O dziedzictwie Rey i motywach trylogii wypowiedział się sam J.J.:

Motywem filmu jest pomysł, że każdy może być, kim chce, niezależnie od swojego pochodzenia. (...) Myślę, że wiele osób zrozumie pomysł pochodzenia, od czegoś, z czego się nie jest szczególnie zadowolonym, albo dumnym. Podczas gdy rozumiem, że dowiedzenie się, że jestem „nikim”, może być wstrząsające, dla mnie najbardziej szokującym było dowiedzenie się, że pochodzisz od czegoś najstraszniejszego. (...) Są rzeczy ważniejsze niż krew – to było to, co chcieliśmy zakomunikować widzom. Cała ta trylogia jest w pewnym sensie o nowej generacji wstępującej w miejsce starej. W oryginalnej trylogii uwielbiałem pomysł, że przywrócenie równowagi Mocy przez Wybrańca – Anakina nie dzieje się raz na zawsze. (...) Jeżeli nie będziemy ostrożni to zło, ostateczne zło, może powrócić, dlatego musimy działać proaktywnie, musimy walczyć, by utrzymać równowagę. [Filmy pokazują] jak sobie radzi z tym nowa generacja.

Gdy padł temat rozbieżności między „Ostatnim Jedi”, a „Skywalker.

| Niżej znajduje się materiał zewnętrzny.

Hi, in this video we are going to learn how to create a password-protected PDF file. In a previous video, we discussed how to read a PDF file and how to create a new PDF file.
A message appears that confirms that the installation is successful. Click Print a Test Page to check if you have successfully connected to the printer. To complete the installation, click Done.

Odrodzenie” J.J. zasymulował opuszczenie sceny. Po chwili jednak dyplomatycznie wytłumaczył:

W dziwny sposób decyzje Riana zaoferowały nam okazje, których byśmy nie mieli, gdyby nie jego udział. On podjął decyzje, których nikt inny by nie podjął. (...) W pewnym sensie był to podarunek, a w wielu – wyzwanie. (...) „Ostatni Jedi” oddał Luke'owi pełny arc, na końcu powrócił do czegoś ,czego się na początku filmu wyrzekł. Myślę, że to potężna wiadomość - że nawet ktoś taki jak Luke może się mylić.

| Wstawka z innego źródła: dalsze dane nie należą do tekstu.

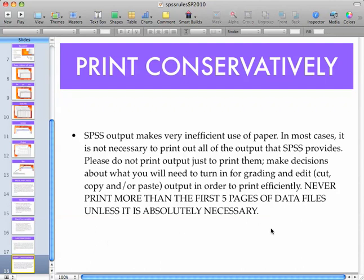Well, believe it or not, that is the very basic introduction to SPSS. I know you're going to have questions and you may end up frustrated, but be cool — you'll be fine. Good luck.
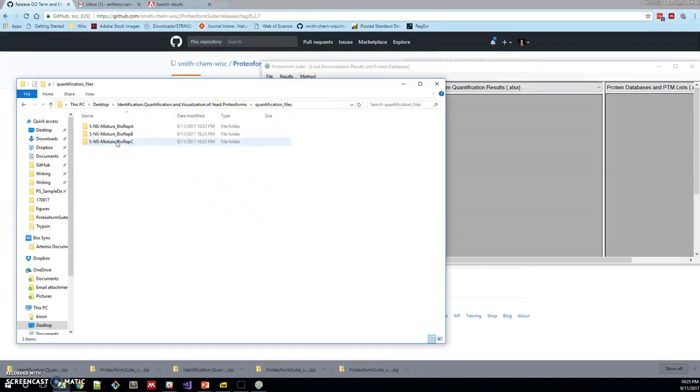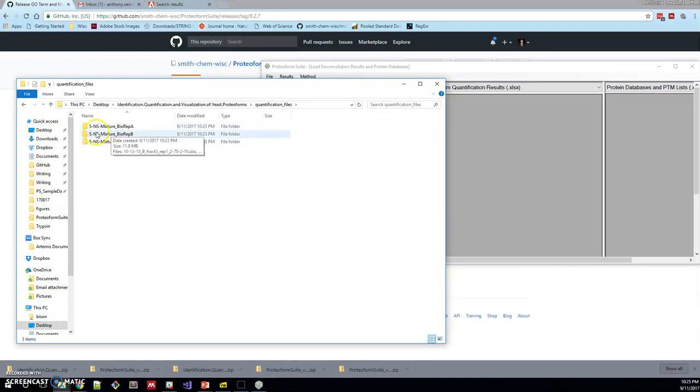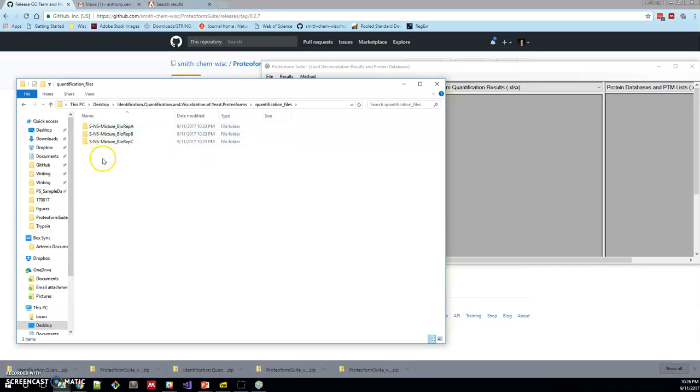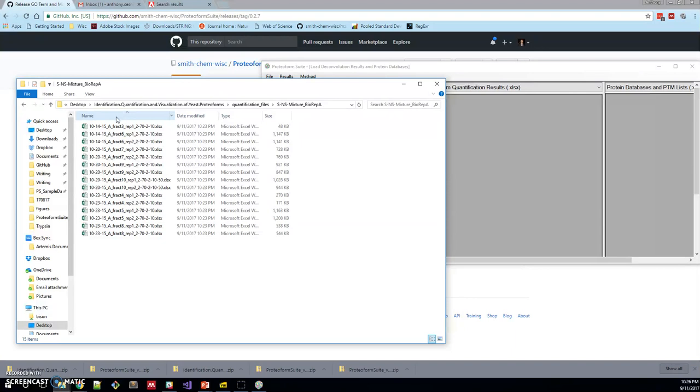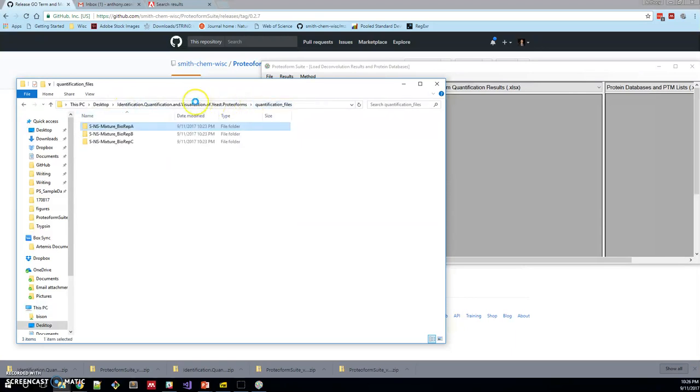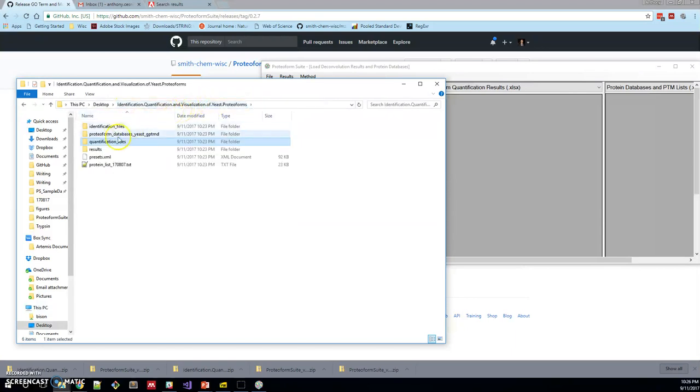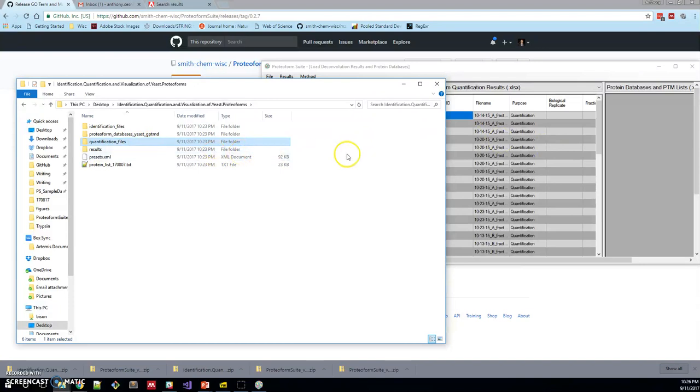Next, we have quantification files. We did three biological replicates of a one-to-one mixture of normal and stressed yeast. In each of these folders, you can see that we split those biological replicates into fractions. We used gel-free to fractionate them and then we injected those into the mass spectrometer twice each. Let's drop that into the quantification files and you can see that populated that.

Na pytanie co powiedziałby ludziom, którym się film nie podoba, albo że powinno się to wszystko skończyć inaczej, J.J. odpowiada natomiast następująco:

Myślę, że mają rację. A ludzie, którym się nasz film podobał, również ją mają. Spytano mnie kilka godzin temu „jak zadowolić wszystkich widzów?”, a ja zadaje sobie to samo pytanie. Zwłaszcza jeśli chodzi o fanów „Star Wars” – żyjemy w czasach, w których docelową reakcją na niemal wszystko jest wściekłość. „Albo jest tak, jak ja to widzę, albo jesteś moim wrogiem”. (...) To szalone, że taką mamy normę – żadnej akceptacji, żadnej empatii, szalony czas. Każda decyzja, którą podjęliśmy, była skazana na to, że ktoś ją zaakceptuje, a ktoś nie. W pewnym sensie wszyscy mają rację.